* SOURCE DATA:
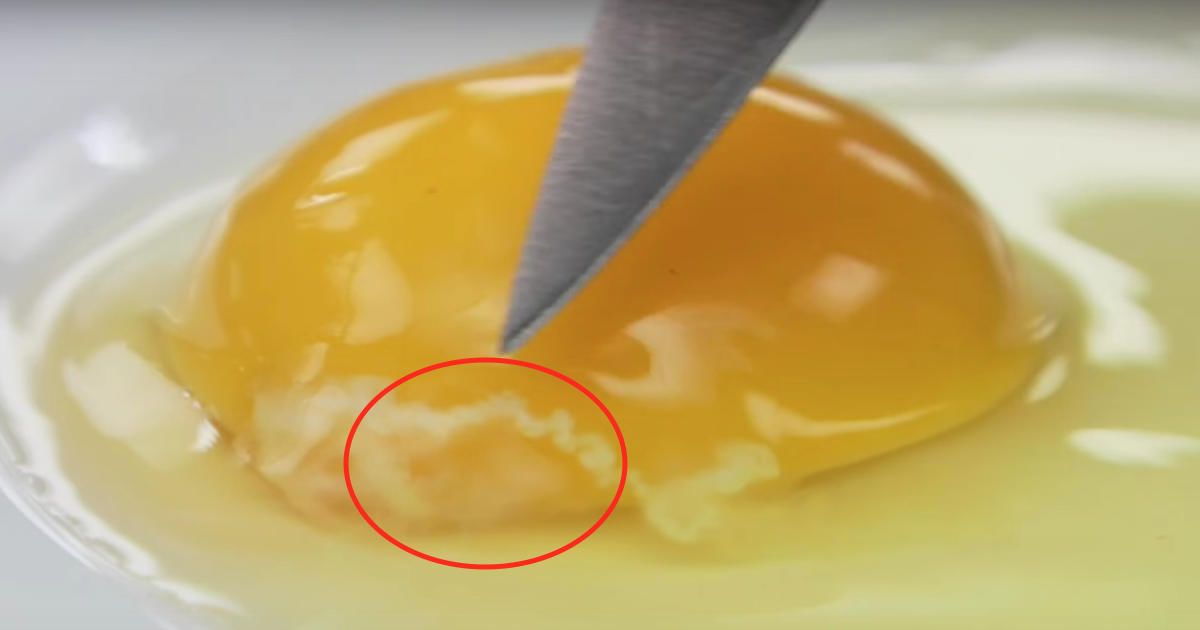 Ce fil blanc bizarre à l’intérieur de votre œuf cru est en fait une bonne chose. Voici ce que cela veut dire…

---

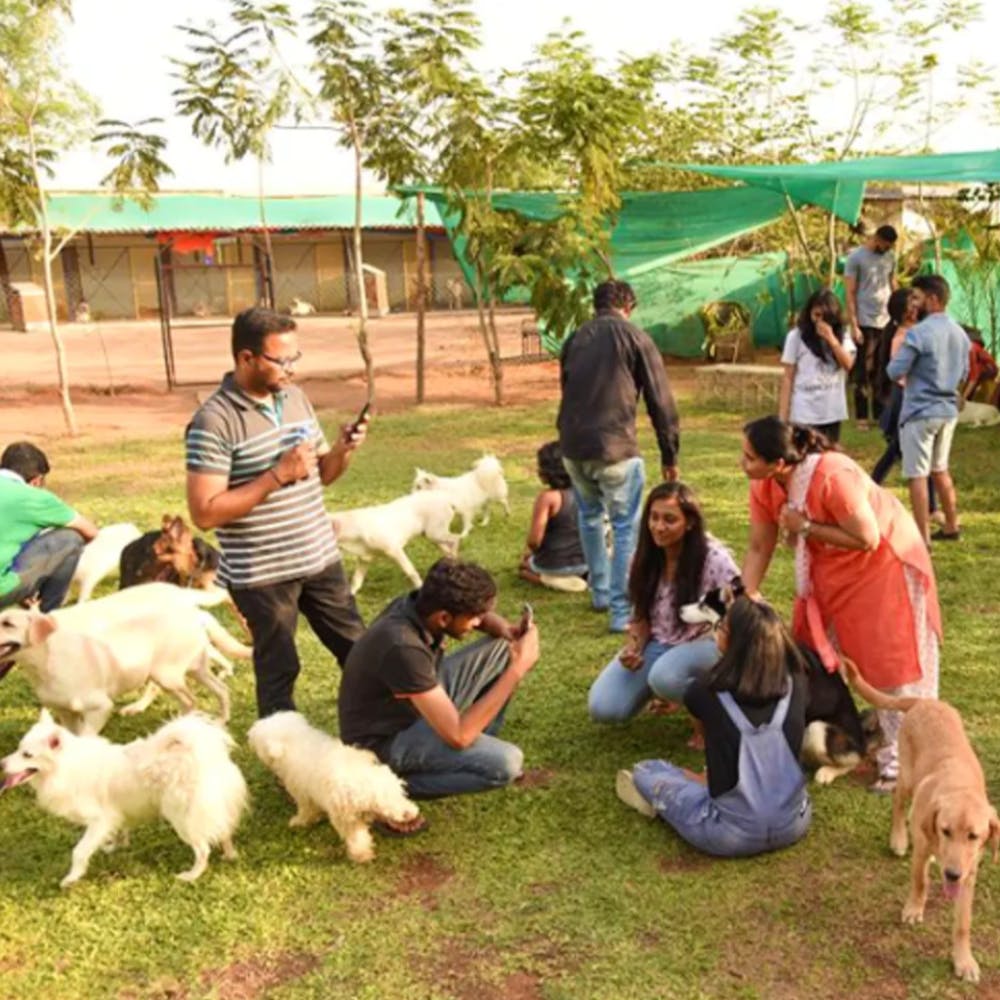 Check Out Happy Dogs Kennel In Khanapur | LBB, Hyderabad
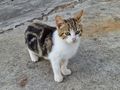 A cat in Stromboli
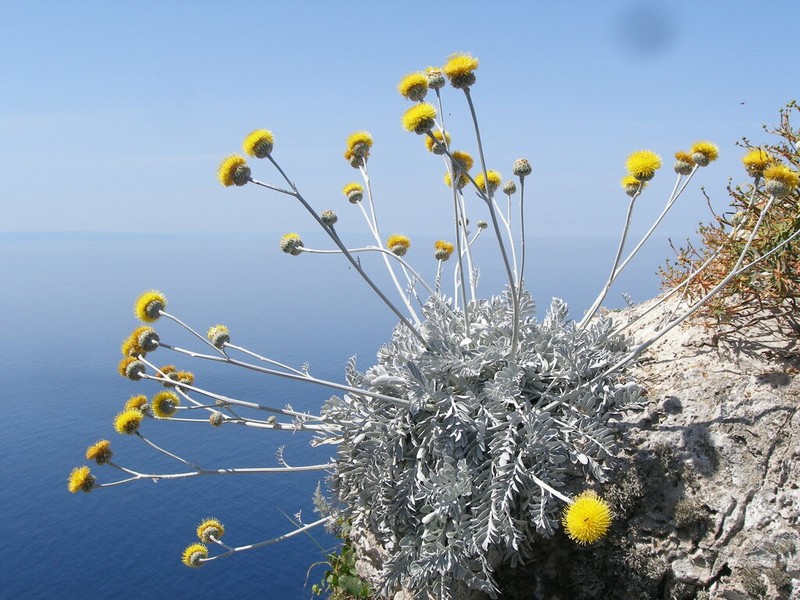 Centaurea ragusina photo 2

* * *

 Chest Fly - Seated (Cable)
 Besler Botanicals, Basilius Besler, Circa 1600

* ABOUT THIS EXERCISE: Please make an exact copy of the lines above from the line with "Chest Fly - Seated (Cable)" through the line with "Besler Botanicals, Basilius", both ends included.

* ANSWER BOX:
 Chest Fly - Seated (Cable)
 Besler Botanicals, Basilius Besler, Circa 1600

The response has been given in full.